14 Riveting World Records from the Riveting World of Chess

At the end of the day, chess is just analog Pokemon

You’re 37 years old. You’ve studied and battled for a lifetime, and you’re at the top of your game — the top of the game. Then an eight-year-old shows up and mops the floor with you.

The Longest Game (For a While)

Several matches have gone on for many hundreds of moves, but most are battles of attrition that end in draws. In 1979, a game was won after 269 moves, with much of that being one guy’s rook and bishop chasing the other guy’s lone rook.

The Longest Game (Played by an Asshole)

That 1979 record was just broken in 2024, by the lamest guy in the biz. Peter Lalic has openly bragged about chasing down the longest game record for years, and finally achieved his dream — against a 12-year-old. Lalic either talked or tricked chess wunderkind (and, notably, child) Billy Fellowes into playing a 272-move game. The entire chess world hated that, and people have called for it to be declared a double-loss.

The First Shortest Game

It’s technically possible to lose in two moves, and chess historians have uncovered two official games where that happened. The first was in 1867, between two dudes in Dublin named Mason and Leeky.

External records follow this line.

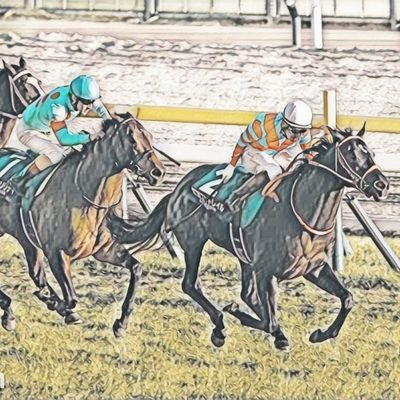 MIZUKI 競馬アナリストさんのプロフィール画像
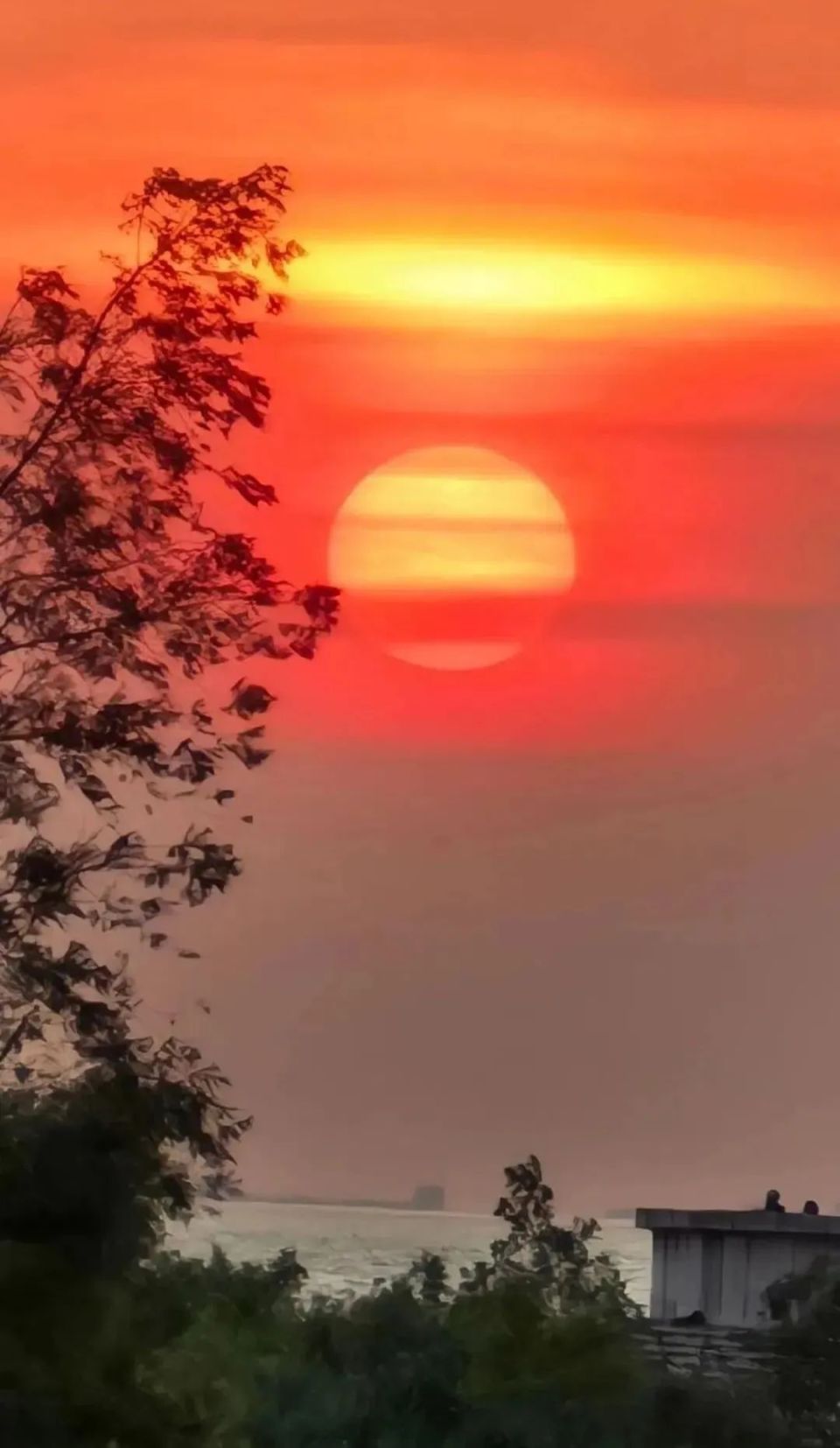 崇明:送你落日与晚霞!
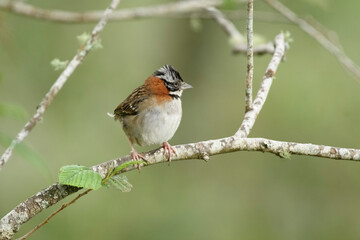 Zonotrichia Capensis, Rufous Collared Sparrow perched
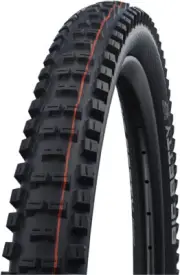 Schwalbe Big Betty Tire 29x2.6TubelessFoldingEvo LineAddix SoftSuper Trail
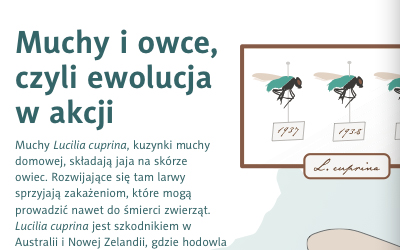 Ewolucja w akcji, czyli jak muchy pasoytujce na owcach uzyskay oporno na rodek owadobjczy/ autor: Jarosaw Bryk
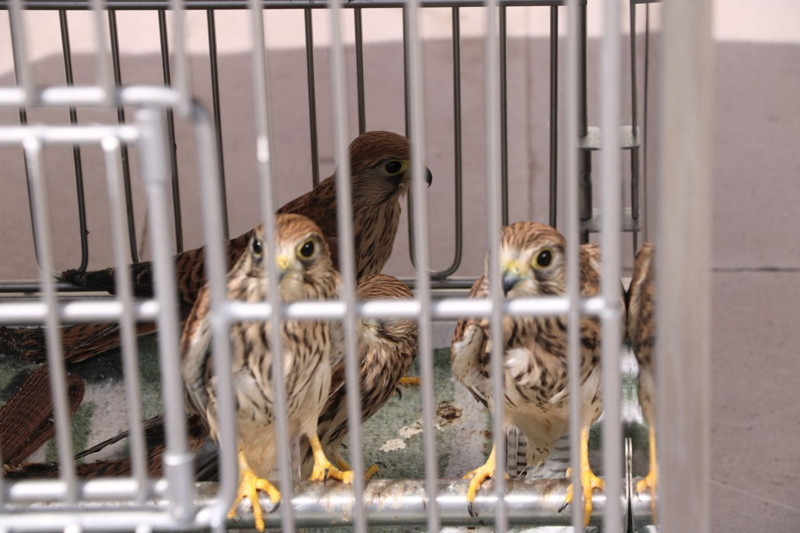 Afyon'da rehabilitasyon merkezinde tedavisi tamamlanan toplam 27 hayvan tekrar doğaya salındı - Resim: 2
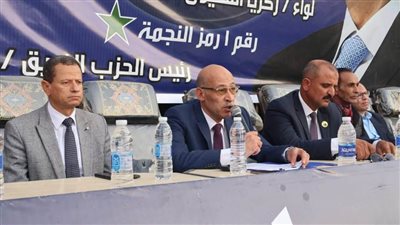 حماة الوطن ينظم مؤتمرًا حاشدًا بالمنيا لدعم المرشح الرئاسي عبد الفتاح السيسي.. صور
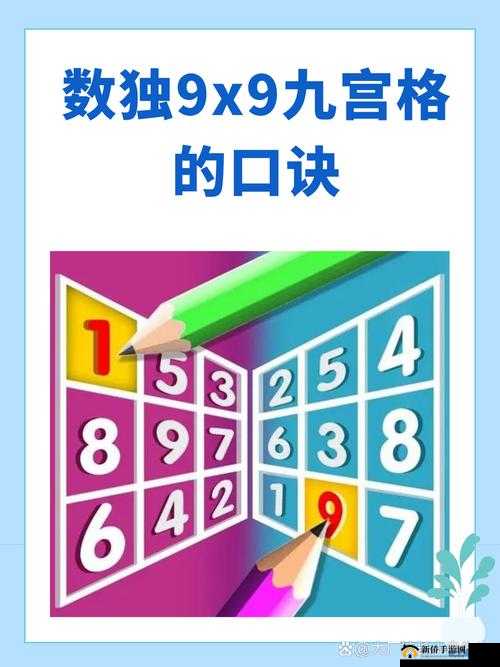 9x9x9x9x9x 任意槽使用方法之详细解读与实际应用举例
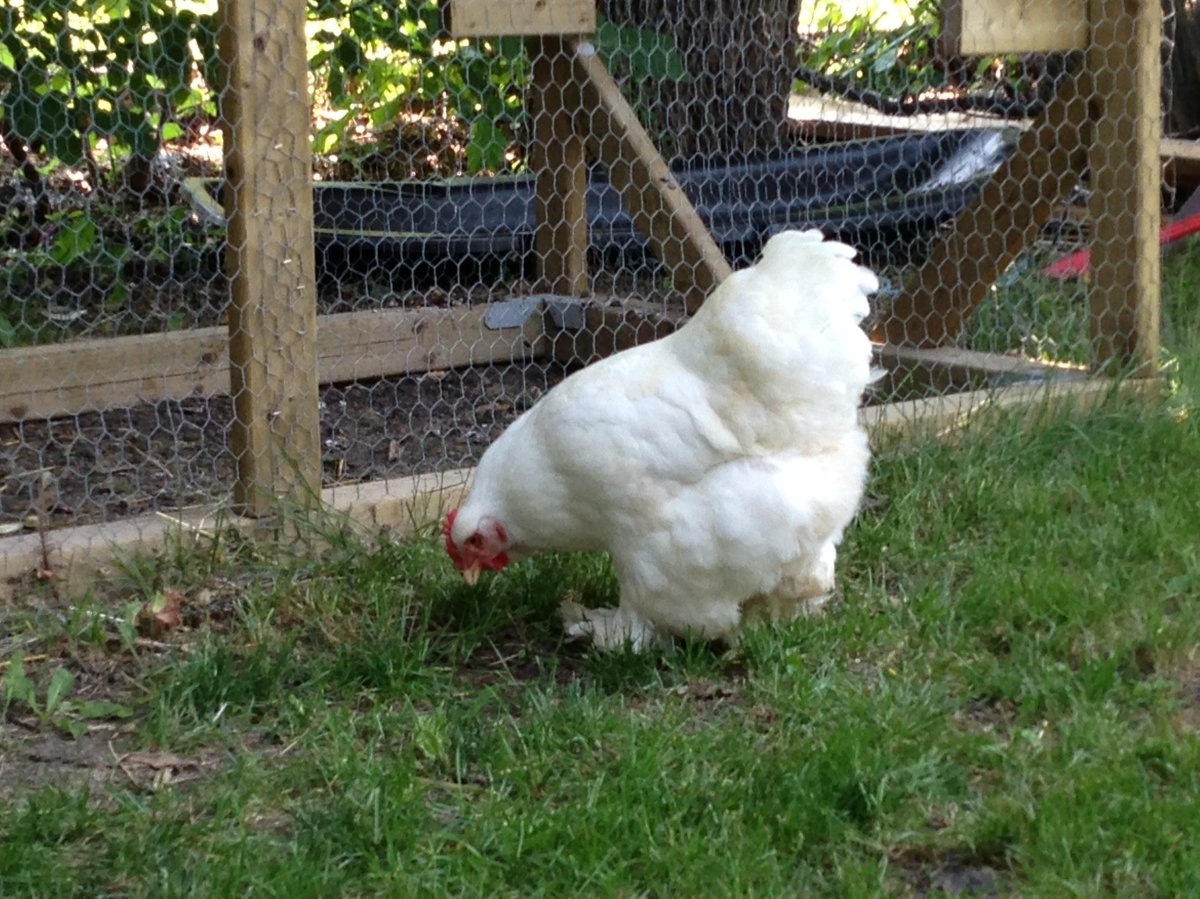 Stacie Gottfried is fighting city hall to keep her five chickens in her North Kildonan backyard.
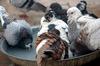 Pigeons bathing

The Cursed Three-Move Game

The shortest non-forfeit game between chessmasters happened in 1984 between Z. Đorđević and M. Kovačević. After three moves, one of them cried uncle. For decades, players who got caught in that same scenario, falling into that same three-move trap, assumed they’d been checkmated. Folks eventually figured out how to wriggle their way out of it, and have gone on to draw or occasionally win.

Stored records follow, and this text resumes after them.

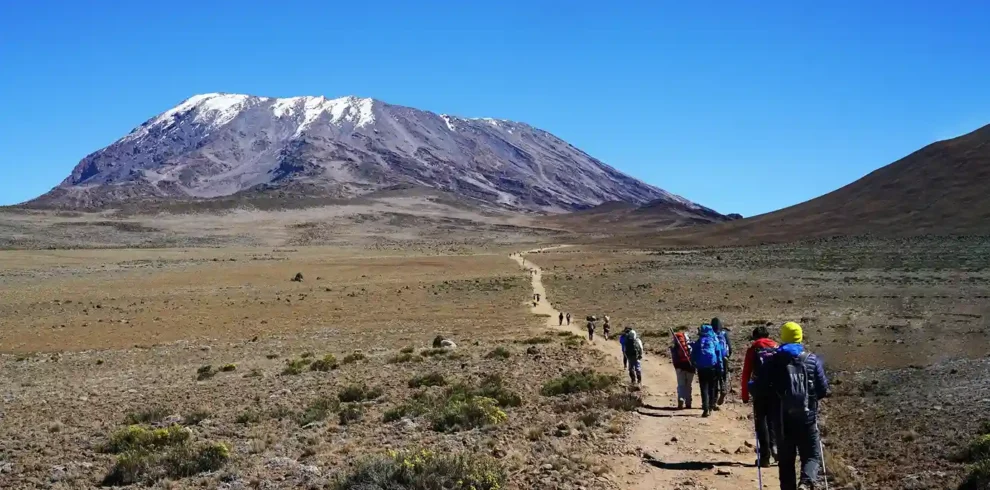 Chipmunk Expeditions - 7 Days Lemosho Route | Kilimanjaro Extraordinary Route | Higher Success Rate
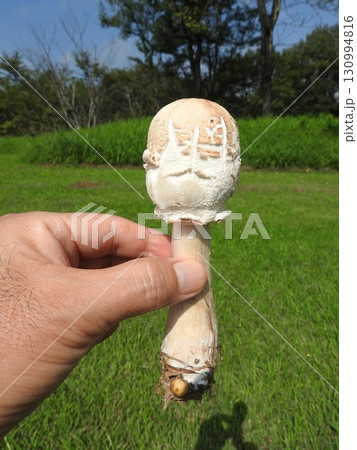 毒キノコの一種「オオシロカラカサタケ」の幼菌状態 130994816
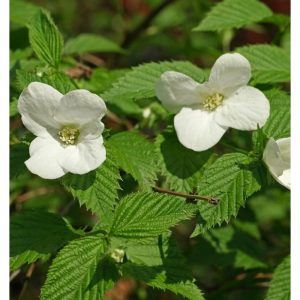 Rhodotypos scandens - Hószirom cserje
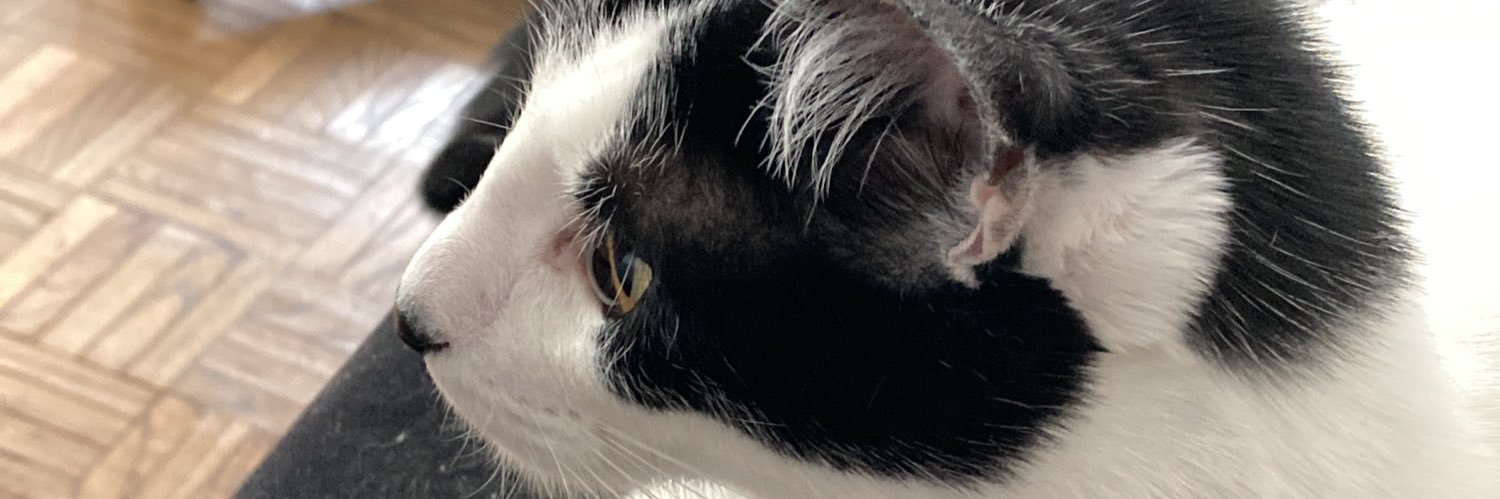 Skykru_'s profile banner image
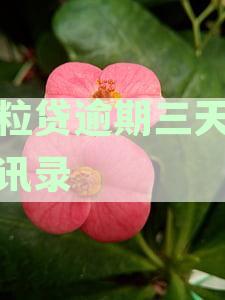 微粒贷逾期三天爆通讯录有影响吗：解决方法和安全性分析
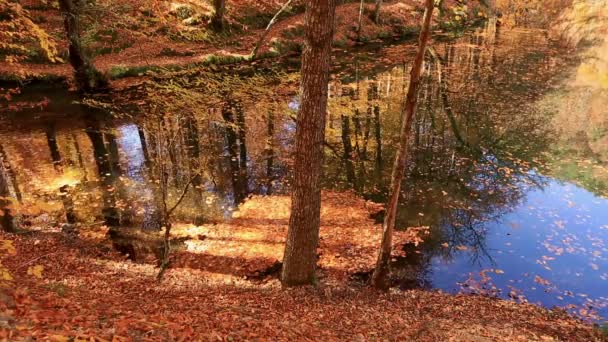 Temporada de otoño de oro y reflexión — Vídeos de Stock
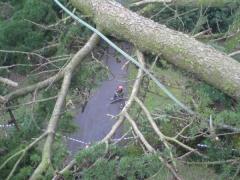 Wilbur Wang sharpens his tool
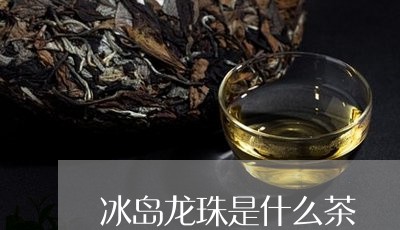 冰岛龙珠是什么茶/2023032805058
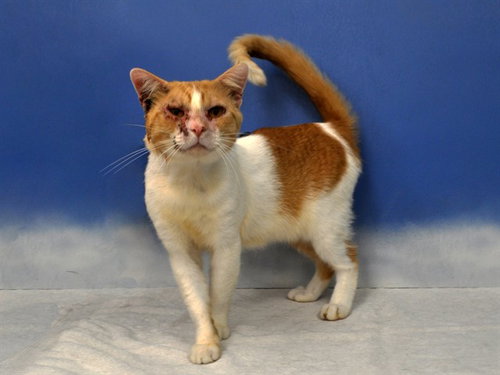 BRUCE WAYNE, a cat for adoption from Collier County Domestic Animal Services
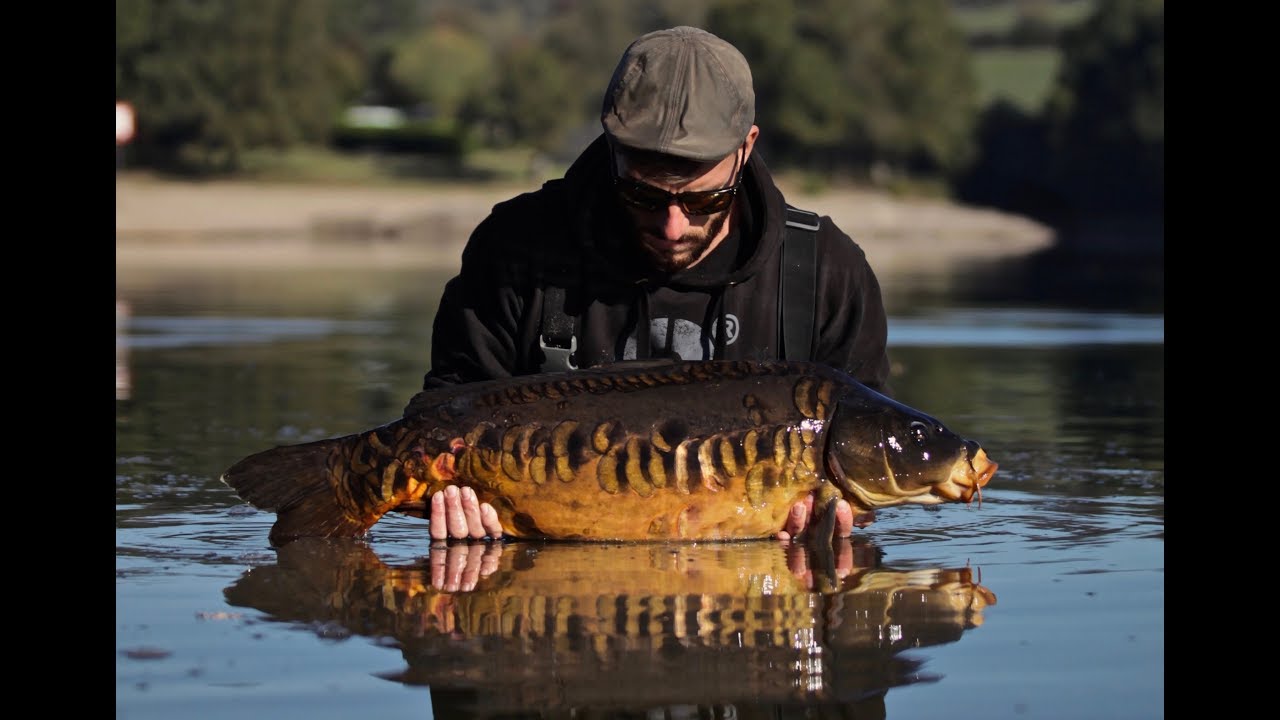 Freecarpfishing 2.0 The Snake Lake (Carpe en grand lac en fran&ccedil;ais)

Best Record in Simultaneous Play

You know that thing where a guy will walk up and down rows of opponents making one move at a time? That’s called a simultaneous exhibition. In 1922, World Champion José Raúl Capablanca won 99.5 percent of his games against 103 opponents. That’s 102 wins and one draw.

The Worst Simultaneous Exhibition by a Master

This has to be in the top 10 most embarrassing records in any sport. In 1951, International Master Robert Wade strutted through a gaggle of 30 14-year-old Russian schoolchildren for seven straight hours. He lost 20 matches and tied 10.

The Worst Simultaneous Exhibition of All Time

In 1977, a New Jersey man set out to break a world record by playing 180 simultaneous games at a strip mall. Twenty people showed up, he lost 18 of his matches (including one to a 7-year-old), and his only wins came from a guy who left mid-match and his own mother. It feels like a Nathan Fielder bit.

Most Games in Blindfold Exhibitions

On the opposite end of the spectrum, we have this bona-fide miracle: In 2016, Timur Gareyev played 48 opponents over 20 hours, all blindfolded. He came out with 35 wins, seven draws and six losses.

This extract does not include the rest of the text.